Nearly every business has heard of local search marketing, but what exactly is it and why does it matter? We’ll dive into this below and explain why this is a crucial opportunity for local businesses to capitalize on and how to speak to the key advantages that can help you land more local business deals for your agency!
What is Local Search Marketing?
Local search marketing refers to an SEO strategy that focuses on increasing a website’s position on search engines to target a specific geographic area or multiple areas. Websites can rank in both organic local search and the Local Map Pack, getting twice as much exposure. It is especially vital for small to medium-sized businesses who rely on local clientele to capitalize on the benefits of local search strategies to help capture business from people searching for a product or service now.
Why is Local SEO Important?
Consumer preferences are shifting to a hybrid experience where they desire the option of both in-store and online experiences. 50% of all local searches result in a visit within 24 hours and if that’s not telling enough, 80% of mobile local search traffic converts. Being able to reach potential customers in a targeted region that are more likely to convert can give websites a competitive advantage. This helps them stay on top of mind with consumers, increasing organic sales, and achieving sustainable growth and revenue generation.
Local SEO vs Organic SEO: What is the Difference Between Local and Global SEO?
As explained above, a local search marketing strategy optimizes websites to rank high on search engines for specific geographical areas. Local SEO is beneficial for any business that:
- Has a physical location people can visit
- Can service a specific area (or areas) even though there may not be a physical storefront
- Has physical storefronts in multiple locations (like a franchise)

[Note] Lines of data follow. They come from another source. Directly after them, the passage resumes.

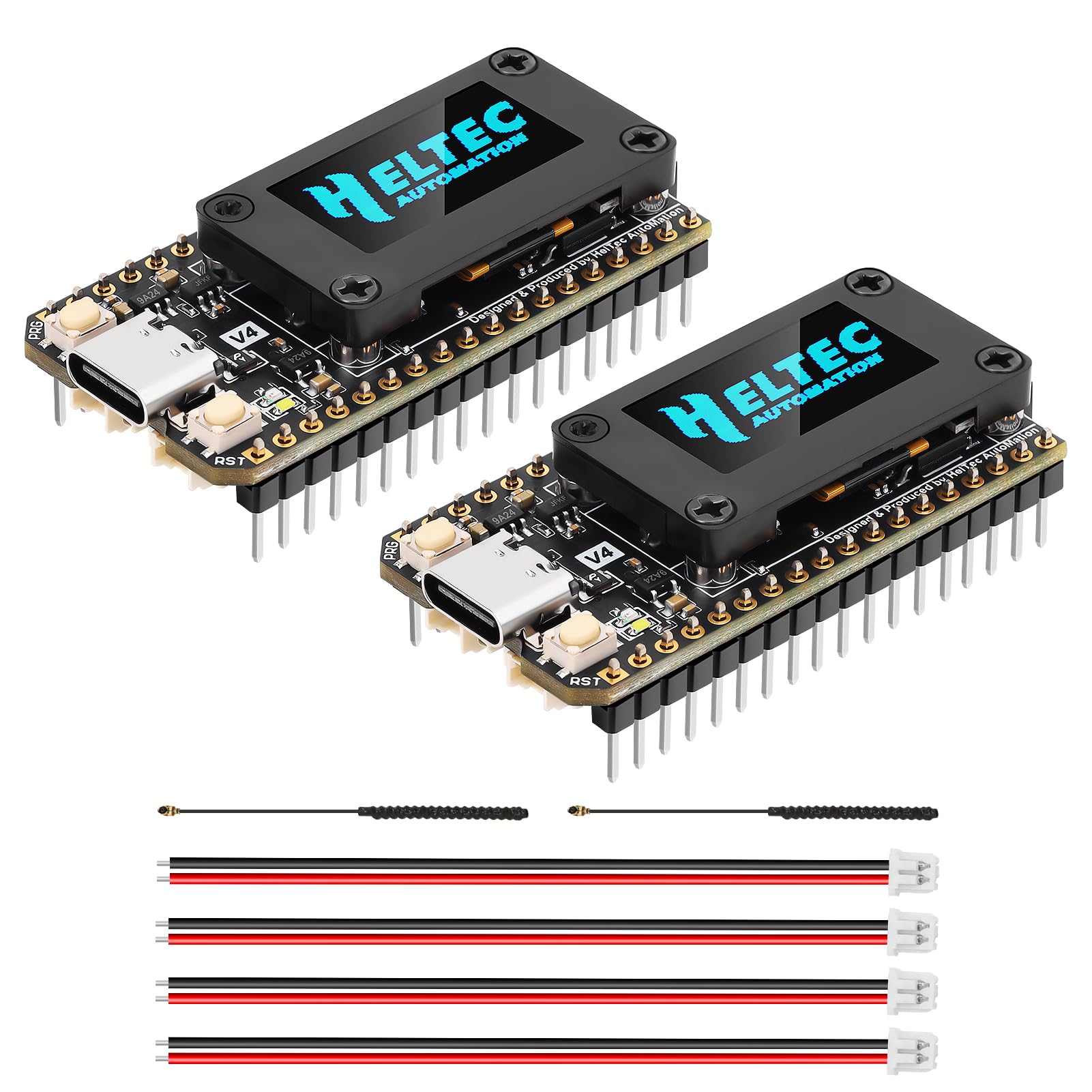 Photo 1 of Meshnology ESP32 LoRa V4 Development Board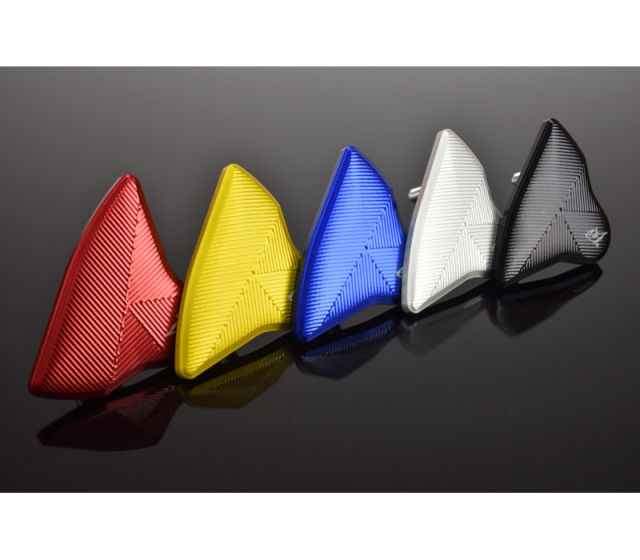 YAMAHA R-6 (17-20) ミラーエリミネーター（ミラーブロックオフ）全5色 DRIVEN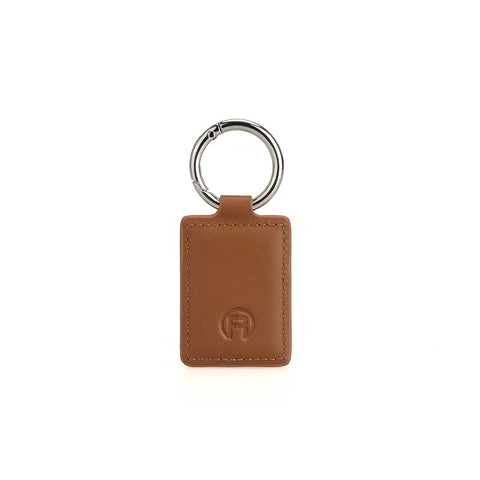 Brown Rectangle Key Chain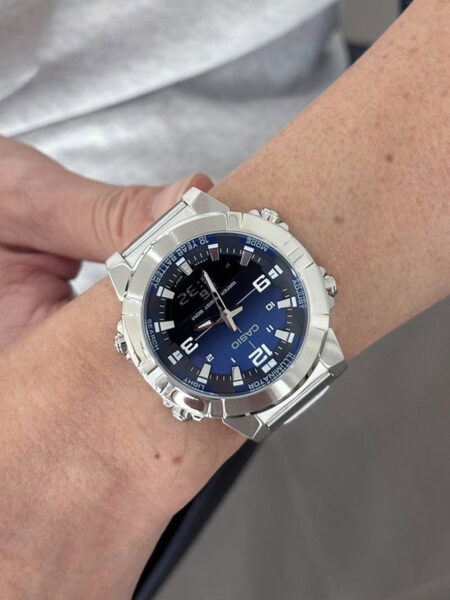 Alternative view of Casio Rugged Blue Steel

Local SEO ranking factors differ from traditional SEO by placing a heavy emphasis on Prominence, Relevance, and Distance (among other ranking factors):
- Prominence: This refers to how well a business is recognized and established online through reviews, mentions from third-party websites, directory listings, social signals, and much more.
- Relevance: This refers to how relevant a businesses’ products or service offerings are in relation to the search query and what the searcher is intending to find.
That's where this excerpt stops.